Beware of rates mauling of your wallet
‘We’re in this together’’ trumpets the Christchurch mayor in her opening preamble to the council’s draft Long Term Plan (LTP).
Indeed we are – there’s no escaping the city council’s tentacular clutches as they line up your back pocket for a fresh mauling.
Before focusing on the grim fiscals, I do wish to acknowledge Mayor Lianne Dalziel’s clearlystated determination to reverse Christchurch’s crumbling Garden City status.
You may recall my rant about this over Christmas, duly amplified by scores of fellow residents – and the mayor has responded, assertively.

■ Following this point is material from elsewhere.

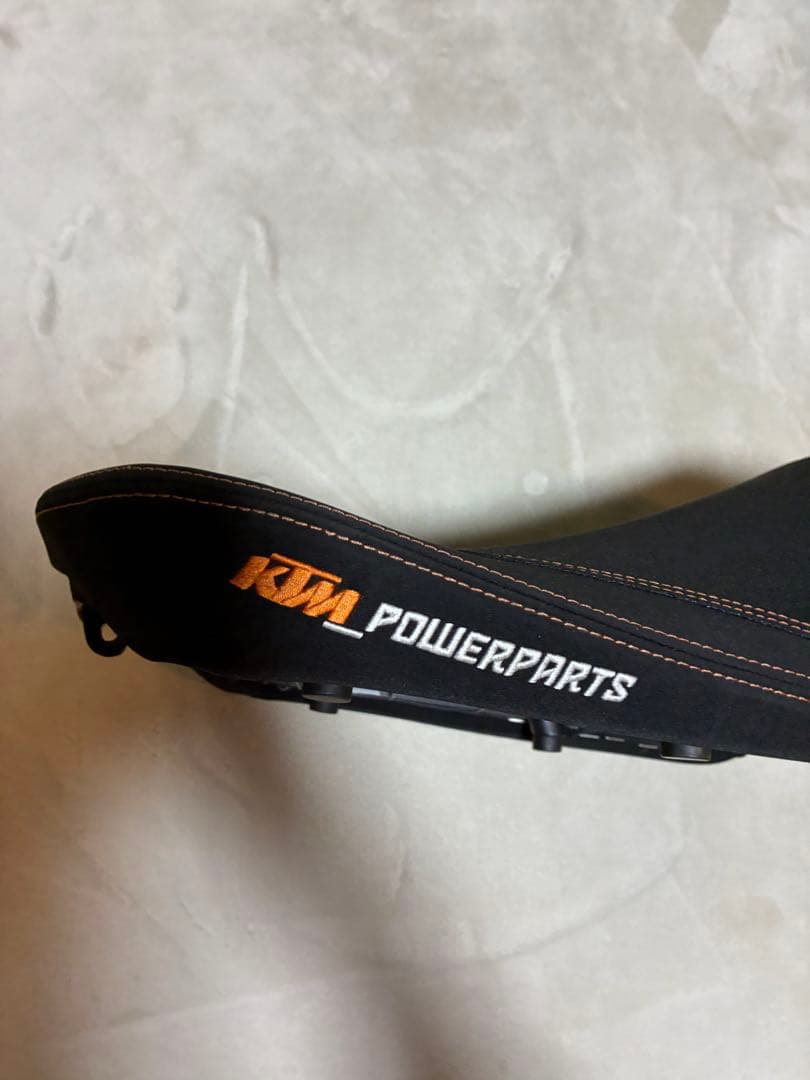 【値下げ】KTM690DUKE エルゴシート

She has pointedly taken aim at the council’s dopey ‘‘No Mow’’ riverbanks policy, and a fresh commitment to improving the maintenance of our parks and riverbanks has been elevated to priority status in the LTP.
I have no problem with sensibly considered habitat-enhancing riverbank plantings – but allowing those banks to balloon out of control with weeds and grasses has been an ill-conceived act of mass-negligence.
Tomorrow, city councillors will formally approve opening up the draft LTP to public consultation. But short of a full-scale revolt, the thrust of the LTP won’t be uprooted.
Isn’t it cynical how the council’s contribution to reinstating Christ Church Cathedral has been fashioned as the fall-guy, a convenient punching bag, so as to act as a heat-deflecting lightening rod, to divert and distract public opprobrium well away from the central issue – rampant rates rises.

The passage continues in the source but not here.